You know me; I have to have the coolest airsoft at the game. Unfortunately, with the recent well-deserved popularity of the MP7 it seemed everyone else was cramping my style. I needed a new toy and fast. I’m a big fan of Tokyo Marui quality and attention to detail so I started poking around for new releases. When I saw the Type 89 and read about the metal body and burst fire mode, I knew I had to have one. Like most airsoft junkies I consider it a source of pride to have full trademarks on my AEG’s. Since the Marui Type 89 is a Japanese replica of the Japanese Self-Defense Forces rifle built by the HOWA Machinery Company of Kiyosu, Japan, I figured wouldn’t have a problem with customs. I made a call to Airsoft Extreme, one of the few stateside retailers to carry the Type 89 at the time, and talked a sales rep into confirming my suspicion: full trades! I placed my order right away.
A week later my package arrived. I tore open the box and thought, “Wow! Marui went all out on the packaging for this one.” Once I picked it up I realized this was no ordinary AEG. It has a real solid feel plus nice weight and good balance. Overall the Type 89 is a bit smaller than I expected; coming in at just a hair longer than an M-4. But everything about this gun just feels right. The handguards are in the perfect spot and the pistol grip and trigger fit my hand nicely. The iron sights are functional and the stock, while on the small side, nestles right into my shoulder. The gun comes with a bipod that can be attached to the barrel and the legs folded back against the handguards. In the stowed position the bipod is barely noticeable and did not affect the feel of the gun in the least. I really appreciate how the orange plastic flash suppressor screws right off to be easily replaced by the black metal one Marui so thoughtfully included.

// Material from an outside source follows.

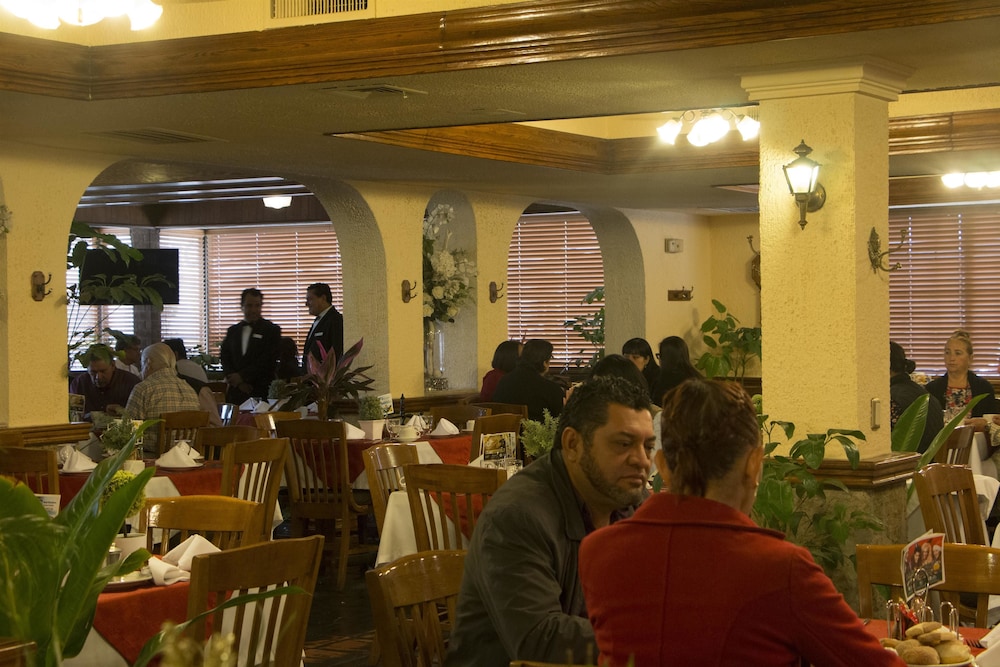 best western posada del rio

First off, the Type 89 has some really cool features that I hope become standard in future Marui products. The bipod and quick-change flash suppressor I mentioned above are nice touches but the real genius of this gun shows up in use. The magazine well is designed to accept M4/M16 magazines and took every variant I threw at it; Star 30rd lo-caps, a Marui 190rd VN style, and ICS 450rd hi-caps. However, the Marui Type 89 magazines will not fit my M16, so the interchange is a one-way street. This is probably due to the new design of the Type 89 magazines. The lo-cap has an extended “follower” to make sure that every BB in the magazine will get pushed up into the gun. I showed this to a teammate and his exact words were, “it’s about time.”

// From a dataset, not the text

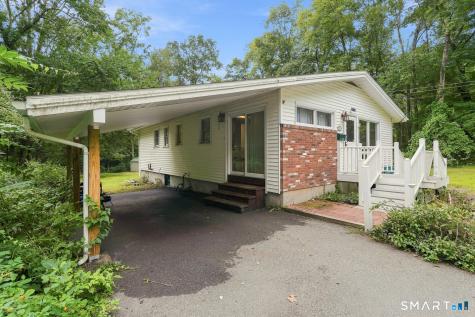 110 Terwilleger Road Killingly CT 06239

The 3-round burst mode is simply awesome. Unlike the previous burst mode on the SIG 550 & 551, which used an electronic trigger reportedly prone to burnout, the Type 89 burst is all mechanical. While I have yet to gut this thing and view the process firsthand it is my understanding that Marui rolled out the Version 8 Mechbox and the EG1000BT motor just for this AEG. One trigger pull, the Type 89 gives a nice little recoil, and 3 BB’s head downrange. Repeated trigger pulls give you the same area of effect as fully automatic fire, yet with less ammunition expenditure and more control over point of impact. Semi- and full auto rates of fire are still available with a flick of the selector lever.

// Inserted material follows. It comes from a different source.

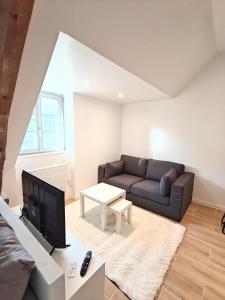 Appartements Studio tout confort Chatel Guyon : photos des chambres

Like most Marui AEG’s, the hop-up is accessed by pulling back on the charging handle. The Type 89 employs a rotating drum adjustment like that found on the G36C. Once I set the hop-up, the gun chrono’ed at a very playable 282 FPS. The bipod deploys easily with one hand and hasn’t come off my gun since I put it on for it’s first game. An optional rail (purchased separately) can be installed on top of the Type 89 in order to mount a scope or red dot sight. No other rail mounts are currently available although there’s room right behind the flash suppressor to clamp on a small generic barrel rail for either a laser or a tac-light. For you lefties a left-handed fire selector lever is available and does not require removing the original right-hand lever. Although I’m right-handed I installed this anyway and love it as it allows me to change fire modes with my right thumb instead of using my trigger finger. The rear sling support can easily be switched to the other side of the stock and it looks as if an MP5 style forward sling pin could be fitted to the Type 89 in order to further accommodate left-handed players. The butt plate of the stock itself rotates out of the way, providing access to storage for a spare battery. The battery itself, an “AK” stick kind, fits under the handguards on top; or at least it’s supposed to.
You’ve got to be kidding!
I only have one complaint about the Type 89 and, unfortunately, it’s a big one. The battery compartment has problems with functionability and its location seems almost an after-thought. I removed the handguards to check out the battery well and had a bear of a time getting them back on, with no battery yet installed. My teammate had an equally difficult time with this same area, still with no battery in place. In fact I have yet to try to fit a battery in there, that’s how problematic it is. Luckily there are several other options for battery placement and I highly recommend any one of them. Laylax makes a 3-point sling complete with wiring sewn into the webbing and a Velcro pouch for a large battery. I simply routed the Type 89 battery plug out through a vent slit in the handguard and plugged into the internal sling wiring right up by the forward sling mounting point. The battery plug could also be routed through the back of the handguards near the aftermarket top accessory rail and out to a rail mounted AN/PEQ style battery box. Or, industrious airsofters could disassmble the Type 89 and run the wiring back through the body into the stock. Many AEG’s benefit from this battery placement. Although the size and design of the Type 89 stock would limit one to using a stick battery, the easy open compartment would be fully appreciated.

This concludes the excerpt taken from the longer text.